L'amico Andrea Montagner mi segnala un passo del volume Europa plurilingue dei tipi di Vita e Pensiero (2005), atti di un convegno tenuto all'Università Cattolica. Il passo è il seguente:
Per tutte queste ragioni, nonostante la indiscutibile disillusione che la lingua inglese va sempre di più raggiungendo nell'area comunitaria, è impensabile che il regime linguistico comunitario evolva vervo una scelta per l'uniformità a favore della lingua inglese e comunque a favore di qualsiasi altra lingua, sia questa l'esperanto o l'eurocratese (per tale intendendosi uan sorta di inglese "addomesticato" utilizzato dalla burocrazia comunitaria).

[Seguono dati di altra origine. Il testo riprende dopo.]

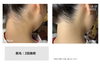 「男女とも人気♪うなじ脱毛のビフォーアフターをご紹介【大分市/大在/うなじ脱毛/脱毛サロン】」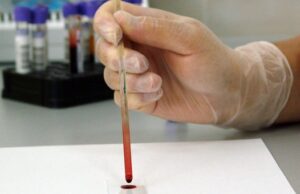 Освидетельствовать иностранных граждан смогут только государственные медучреждения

Tenendo presente il fatto che non ho letto il libro, commento solo il passo. Cosa si intende per "regime linguistico comunitario"? Come il recente articolo (2006) Managing Multilingualism in the European Union di Michele Gazzola mostra, pubblicato su su Language Policy, esistono diversi regimi linguistici nella UE a seconda delle situazioni, e tutti riguardanti strutture interne dell'Unione (Parlamento, Agenzie, etc.).
Non c'è, e non può esserci a livello comunitario, un "regime" linguistico (brutta parola! politiche linguistiche, semmai) riguardante i cittadini d'Europa come un unico insieme, perché questo è demandato agli Stati membri.
È vero che non può essere scelta una lingua X per "uniformare" i "regimi" linguistici UE. E ci mancherebbe. La diversità linguistica è un diritto e un patrimonio da preservare e da promuovere. Siamo tutti d'accordo su questo. Ma le politiche linguistiche UE lassez faire analizzate spietatamente nel libro di Robert Phillipson English-Only Europe? questo diritto lo stanno violando, di continuo, a favore di una cieca e incontrollata avanzata di uno strano inglese che il passo citato giustamente stigmatizza (e questa è una realtà).
Il povero esperanto, negletto com'è dalle istituzioni, non c'entra niente! Poiché la sua origine è di lingua artificiale, gli vengono proiettate tutte i vizi nefandi che l'inglese ha oggigiorno sul Vecchio Continente e oltre, ma in realtà da un punto di vista sociolinguistico è una lingua minoritaria, piuttosto che una lingua egemone...
Nello specifico, delle politiche linguistiche coordinate verticali a tre livelli sono l'unica soluzione, secondo me, dove l'esperanto ha delle chance e l'Unione Europea anche.
1. lingua regionale / minoritaria / a scelta (gallego, napoletano, gallese...)
2. lingua nazionale / territoriale (italiano, francese, tedesco, inglese...)
3. lingua sovrannazionale (esperanto)
in pratica, gli stati membri dovrebbero garantire a ciascuno una lingua identitaria (livello 1) per mantenere e preservare la diversita' culturale e linguistica (principio della personalità), una lingua nazionale sulla base del territorio (livello 2: esempio: se abito in Olanda per un certo tempo, sono tenuto a sapere l'olandese per far parte della vita civile del Paese) e l'esperanto come terzo livello per garantire un minimo comune denominatore che garantisca la possibilità di comunicare tra tutti gli europei.
Attenzione!
L'esperanto dovrebbe essere "semplicemente" permesso, non imposto. Permettiamo ai nostri studenti di ogni ordine e grado di studiarlo, e i governi dovrebbero incentivare la cosa con progetti comuni, perché no, europei, di acculturazione tramite questo veicolo.
In questo modo si aggirerebbe l'eurocrazia di Bruxelles, che è dedita principalmente a questioni amministrative, e non politiche. Ma si sta parlando del dover-essere, non dell'essere.
In altre parole: lasciate stare il povero esperanto, che non ha mai fatto male a nessuno!